Los detalles varían. Pero hay algunos cosas en común. Incluyen la sensación de expectativas frustradas de las clases medias de la región. Seis años de estancamiento económico han hecho que las profundas desigualdades de América Latina sean menos tolerables. Los escándalos de corrupción han desacreditado a la política y a los políticos. Los débiles partidos políticos ya no canalizan descontentos. Hay elementos de imitación: los pirómanos tienen smartphones y miran eventos en Barcelona, París o Quito.
El desencadenante inmediato en Chile fue un modesto aumento del 3.7% en las tarifas de las horas pico del metro, pero el descontento ha estado creciendo allí durante más de una década. Desde 1989, la democracia restaurada del país ha mantenido el amplio esquema de las políticas de libre mercado instaladas por la dictadura de Pinochet. Esas políticas han traído éxito económico. La tasa de pobreza ha caído de más del 40% en 1990 a menos del 10% en la actualidad. Las clases medias ahora forman una mayoría. La desigualdad de ingresos está por debajo del promedio latinoamericano. Aún así, muchos chilenos luchan para llegar a fin de mes.
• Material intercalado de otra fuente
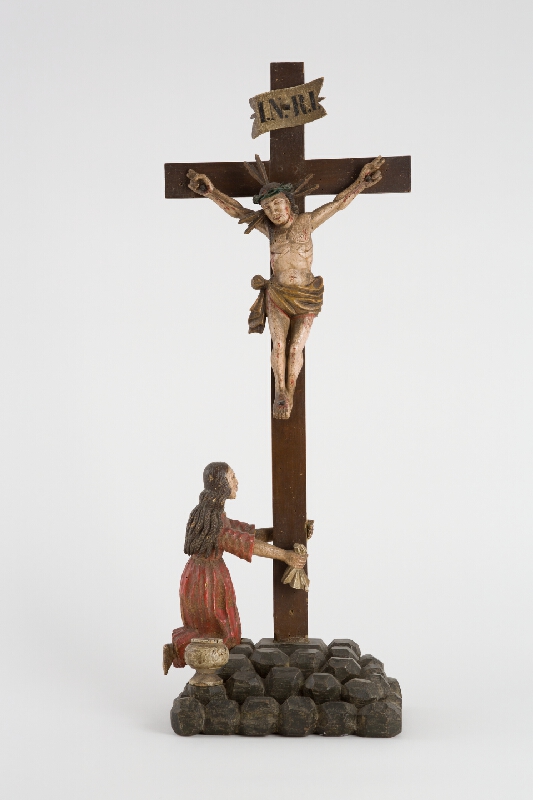 Neznámy autor – Kalvária II.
Las encuestas muestran que muchos chilenos piensan que la democracia del país está manipulada a favor de una pequeña élite, y tienen razón. El poder económico y político está concentrado. Hace algunos años, este columnista asistió a una fiesta de unas 60 personas en Santiago. Un amigo le susurró al oído: “¿Te das cuenta de que la mitad del PBI de Chile está en esta sala?”
Los ricos pagan menos impuestos como parte del ingreso en Chile que en otros países de la OCDE, un club de economías principalmente desarrolladas. La mayoría de los chilenos se preocupan por “bajas pensiones, falta de acceso a una vivienda digna, atención médica y medicina, y de caer nuevamente en la pobreza de la que escaparon”, escribió esta semana el rector de la Universidad Católica, cuyos economistas soñaron el “modelo” chileno.
Piñera, un multimillonario que fue presidente del 2010 al 2014, es parte de esa élite. Fue reelegido en el 2017 porque en su primer mandato la economía (ayudada por los altos precios del cobre) creció más rápido que durante el gobierno de su sucesora, Michelle Bachelet, una socialista. “Vienen tiempos mejores”, prometió. Los votantes aún están a la espera, en parte, porque la abierta economía de Chile se ve perjudicada por la guerra comercial del presidente Donald Trump con China.
Aunque carece de empatía espontánea, Piñera estaba tratando de inyectar un poco más de justicia en el sistema de Chile, como lo hizo Bachelet. Prometió un mayor gasto público para un sistema de pensiones privado que ofrece un beneficio promedio de solo US$ 340 por mes.
Pero las mejoras han tardado en llegar, por ejemplo, al sistema de salud. Gran parte de la cobertura es ofrecida por aseguradoras privadas. Una mujer de clase media paga alrededor de US$ 300 al mes (y un extra por medicamentos y operaciones). Las aseguradoras se niegan a cubrir condiciones preexistentes, lo que dificulta cambiarse de proveedor. Muchos pensionados no pueden pagar la prima, justo cuando más necesitan atención.
Piñera parece haber entendido el mensaje. Después de conversaciones entre partidos, anunció un impulso inmediato a las pensiones y la cobertura de atención médica por parte del Estado. Los opositores de izquierda se han regocijado por sus tribulaciones. Pero esto podría ser prematuro. El modelo chileno se puede mejorar con más provisión social y un rompimiento de los oligopolios. No necesita reinvención.